Instructions for the task —
Leave the pictures out. Transcribe exactly every line from the start of the records through the one containing "- Black Guess".

Extracted information —

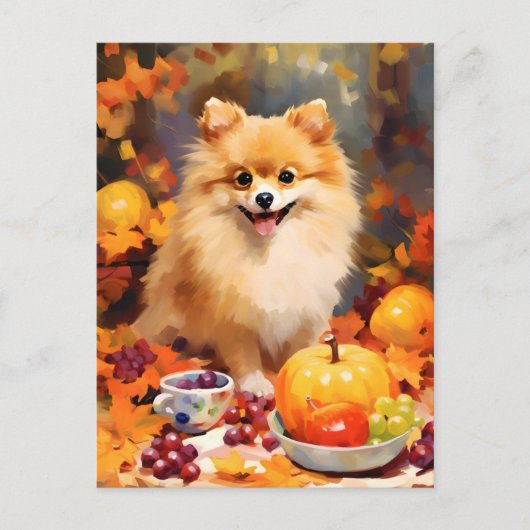 Pomeranian herfst dankzegging  briefkaart (Voorkant)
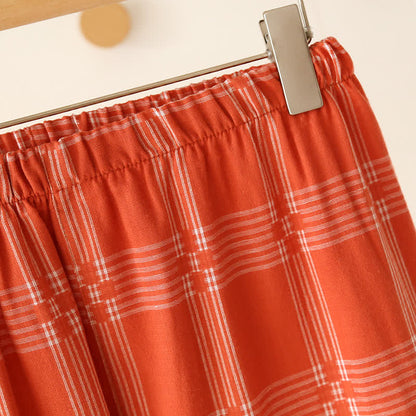 Completo da casa unisex in cotone tinto in filo a quadri
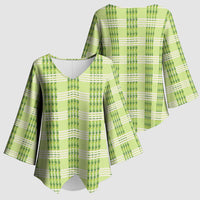 Aloha Hawaii Pakalana Pikake Lei Kimono Sleeve Blouse Palaka Inspired Hawaiian-plaid Pastel Green LT14 - Polynesian Pride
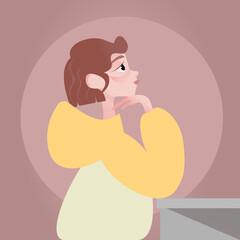 daydreaming girl in a cafe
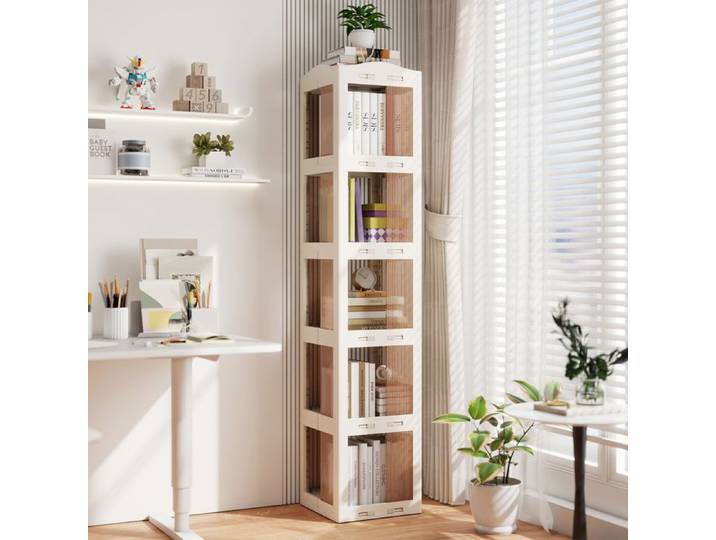 Bibliothèque à 5 Niveaux Rotative à 360° COSTWAY 174cm Étagère d'Angle Pliante de Sol Translucide pour Salon Chambre Bureau Blanc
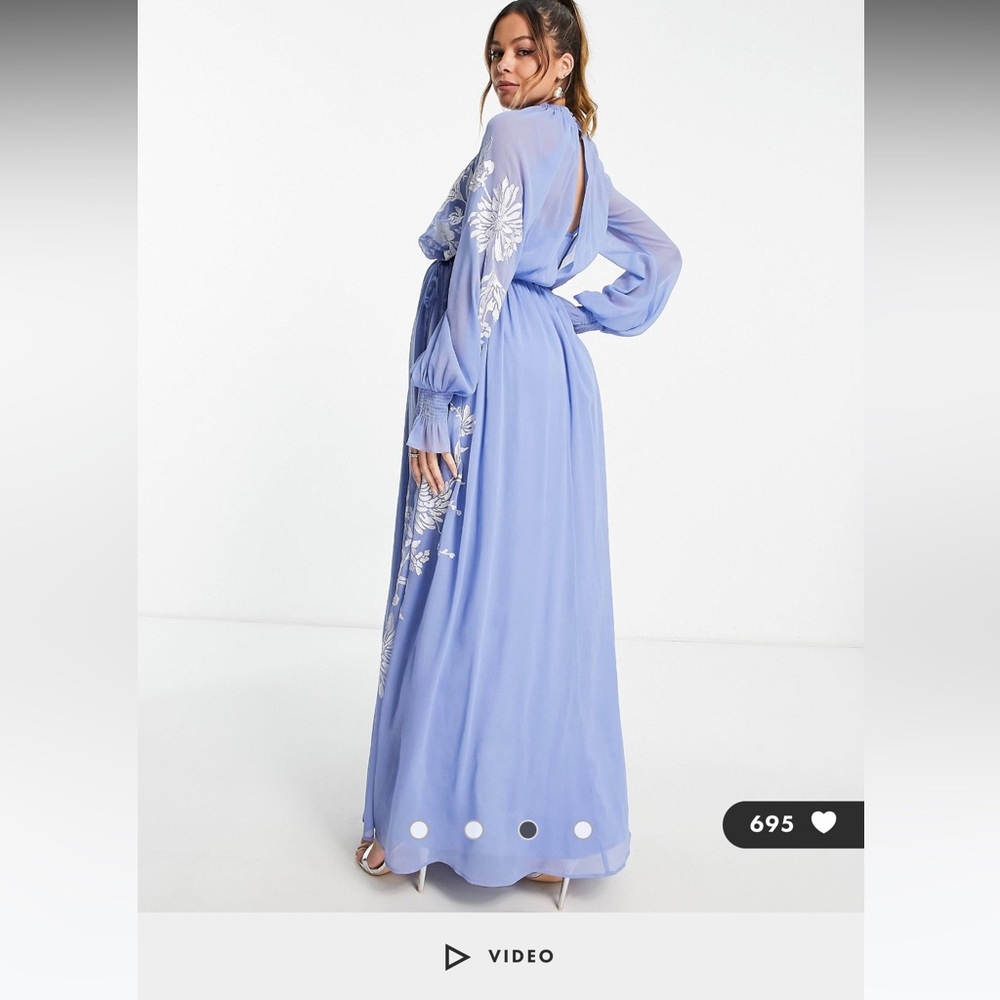 ASOS design maternity high neck maxi dress, BLUE, UK 14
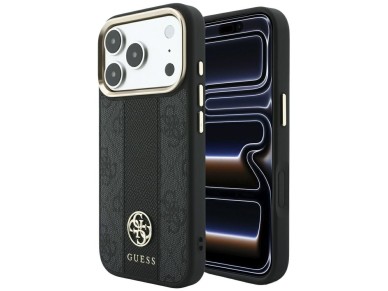 Guess 4G with Stripe Round and Classic Logos MagSafe Case for iPhone 17 Pro / 18 Pro - Black Guess 4G with Stripe Round and Classic Logos MagSafe Case for iPhone 17 Pro / 18 Pro - Black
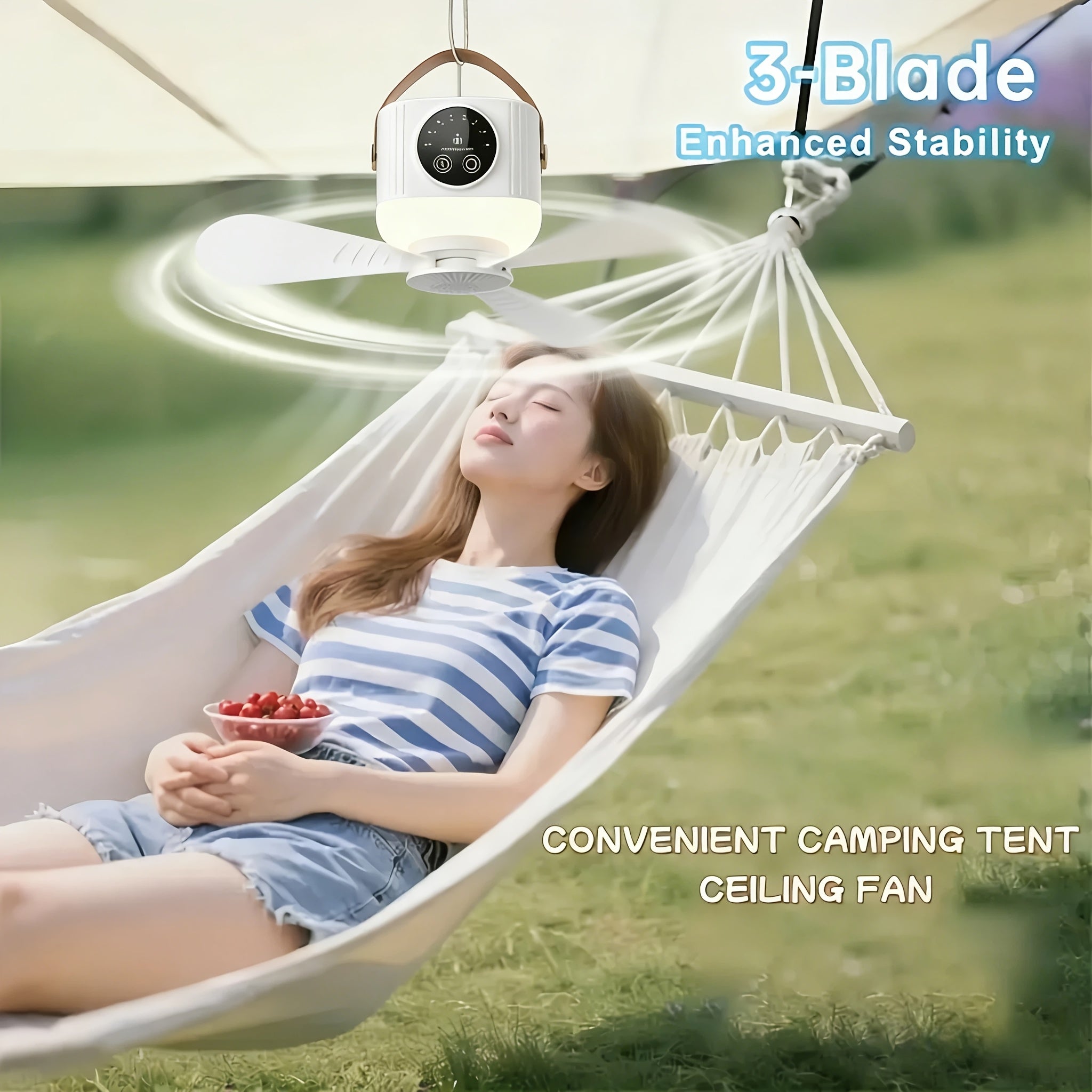 Portable Remote Control Ceiling Fan with Light, Rechargeable Camping Fan, Wireless Tent Fan, 4 Speed Levels, Timing Function, Battery Powered, Perfect for RV, Truck, Rooftop Tent, Travel and Camping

Problem solution —
 Pomeranian herfst dankzegging  briefkaart (Voorkant)
 Completo da casa unisex in cotone tinto in filo a quadri
 Aloha Hawaii Pakalana Pikake Lei Kimono Sleeve Blouse Palaka Inspired Hawaiian-plaid Pastel Green LT14 - Polynesian Pride
 daydreaming girl in a cafe
 Bibliothèque à 5 Niveaux Rotative à 360° COSTWAY 174cm Étagère d'Angle Pliante de Sol Translucide pour Salon Chambre Bureau Blanc
 ASOS design maternity high neck maxi dress, BLUE, UK 14
 Guess 4G with Stripe Round and Classic Logos MagSafe Case for iPhone 17 Pro / 18 Pro - Black Guess 4G with Stripe Round and Classic Logos MagSafe Case for iPhone 17 Pro / 18 Pro - Black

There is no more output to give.